Winnweiler
Herzliche Begegnungen bei herzerwärmenden Suppen
„Das ist eine feine Initiative“, findet die noch immer munter plaudernde achtköpfige Tischrunde, die den Eindruck macht, als seien alle gemeinsam im Pfarrheim eingetroffen. „Nein, wir kannten uns vorher nicht“, berichten sie erstaunlicherweise. „Aber das macht nichts. Es ist richtig nett, hier zu sitzen und zu erzählen“, ergänzt Rothaut Voll aus Winnweiler, unterstützt vom Ehepaar Steitz aus Börrstadt.
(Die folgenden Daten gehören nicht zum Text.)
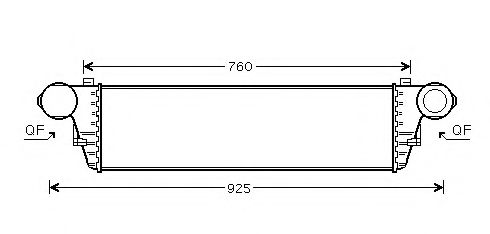 AVA QUALITY COOLING MS4379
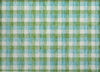 Piper Looms Chantille Plaid ACN1053 Lime Machine Washable Area Rug Scatter Main Image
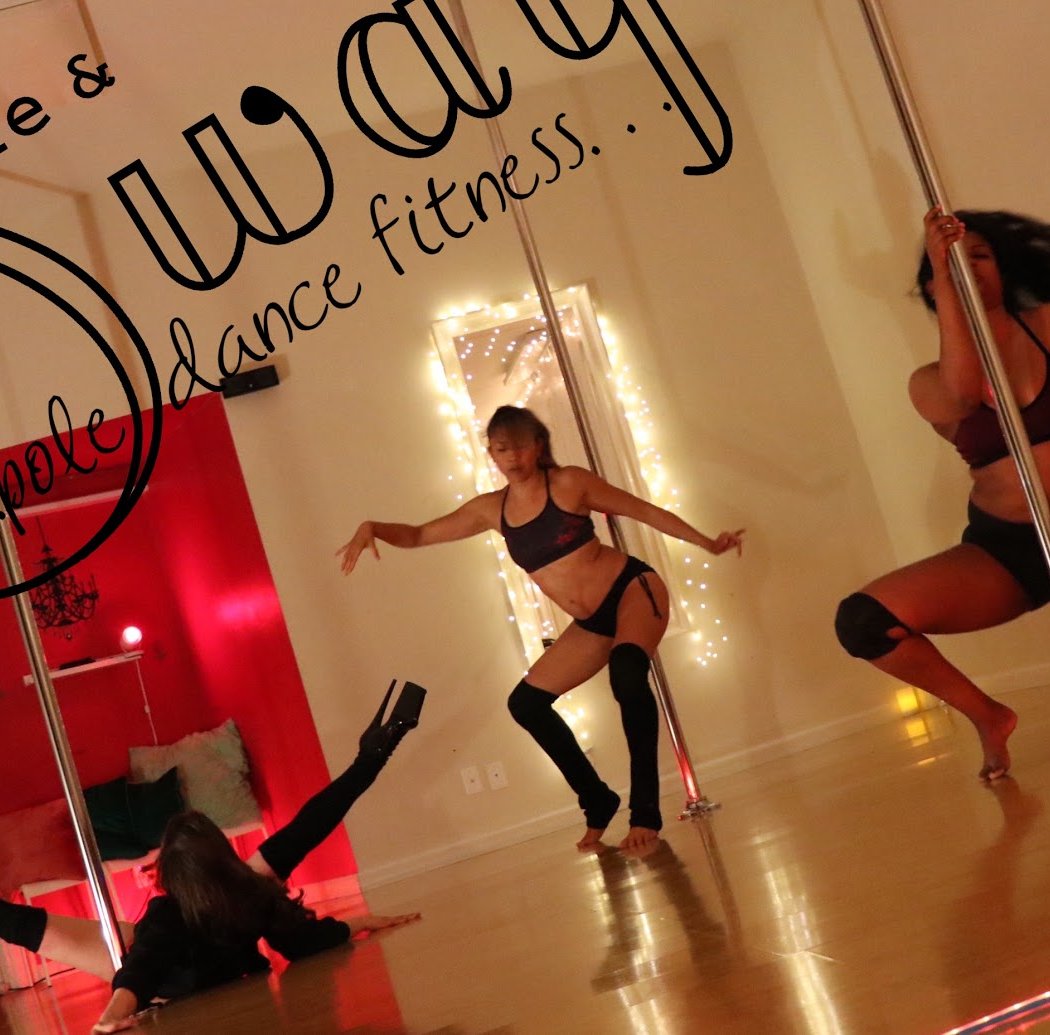 Entangle & Sway Pole Dance Fitness 3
Und auf die Minute kommt es hier offensichtlich nicht an, alles verläuft entspannt und gelassen. „Die Besucherzahl lag im erwarteten Bereich“, sagt Stephan Schmitz vom Caritas-Ausschuss, der die Gemeindearbeit mit einem zehnköpfigen Team seit 2020 unterstützt und die Aktion auf den Weg gebracht hat. Die meisten Gäste waren angemeldet, vier Esser sind noch spontan dazugekommen. „Das war natürlich gar kein Problem“, betonen Monika Spieß und Dieter Knecht, ebenfalls Mitglieder im Ausschuss. „Wir freuen uns über jeden, der mitgegessen hat.“
Menschen ins Gespräch bringen
Auch Ortsbürgermeister Rudolf Jacob findet sich ein, probiert Gemüsesuppe mit Würstchen. Gut habe es geschmeckt, lobt er nicht nur das Küchen-Team und das Essen, sondern auch die Aktion selbst: „Gerade in Coronazeiten, in denen viele Kontakte runtergefahren werden mussten, ist das hier eine sehr sinnvolle Sache und ja auch das Kerngeschäft der Kirche: Menschen ins Gespräch zu bringen, eine Plattform für Begegnungen anzubieten.“ Genau das genießt Helena Kaufmann aus Höringen: „Wenn man viel allein ist, tut so eine Ansprache mit vielen Leuten richtig gut.“
Was nehmen die Initiatoren aus diesem ersten Suppen-Treffen mit? „Wir werden uns am 1. Dezember im Ausschuss zusammensetzen und Bilanz ziehen“, erläutert Schmitz. „Es gab die eine oder andere Anregung – beispielsweise einen Spielenachmittag –, die wir besprechen werden. Die nächste Einladung gibt es im März, vier sind – verteilt auf das Jahr – geplant.“
Jeder ist willkommen
„Es war ein Versuchsballon“, fügt Pfarrer Carsten Leinhäuser hinzu und überlegt, ob man die Suppeneinladung noch stärker vom Eindruck befreien sollte, dass man bedürftig oder einsam sein muss, um zum Suppenessen ins Pfarrheim zu kommen: „Eigentlich haben wir es so kommuniziert, dass wirklich jeder willkommen ist – unabhängig von seiner Situation. Wir wollen einfach nur zusammensein. Vielleicht muss das aber noch stärker in den Vordergrund gerückt werden.“
Für dieses Vorgehen spricht die Tatsache, dass vor allen Dingen ältere Menschen am Suppenessen teilgenommen haben. „Ja, es wäre schön, wenn auch Familien mit Kindern kämen“, resümiert Leinhäuser weiter. Aber die Basis scheint gelegt; es war ein mit Engagement und Herz gut organisierter, leckerer Anfang.